Come unto these yellow sands,

And then take hands: 

Courtsied when you have and kiss'd

The wild waves whist:

Fot it fleetly here and there,

And sweet sprites bear

The burthen. Hark, hark.

[burthen dispersedly] Bow-wow.

The watch dogs bark:

[burthen dispersedly] Bow-wow.

Hark! Hark! I hear

The strain of strutting chanticleer

Cry

[burthen dispersedly] Cock a diddle dow.

FERDINAND:

Where should this music be? i'th' air or th'earth?

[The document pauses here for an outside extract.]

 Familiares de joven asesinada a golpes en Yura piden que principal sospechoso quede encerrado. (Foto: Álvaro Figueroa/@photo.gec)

It sounds no more: and, sure, it waits upon

Some god o'th' island. Sitting on a bank,

Weeping again the King my father's wrack,

This music crept by me upon the waters,

Allaying both their fury and my passion

With its sweet air: thence I have followed it,

Or it hath drawn me rather. But 'tis gone.

No, it begins again.

ARIEL:

Full fathom five thy father lies;

Of his bones are coral made;

Those are pearls that were his eyes:

Nothing of him that doth fade,

But doth suffer a sea-change

Into something rich and strange.

Sea-nymphs hourly ring his knell:

[burthen] Ding-dong.

Hark! Now I hear them, - Ding-dong, bell.

********************************************

MIRANDA:

O, wonder!

How many goodly creatures are there here!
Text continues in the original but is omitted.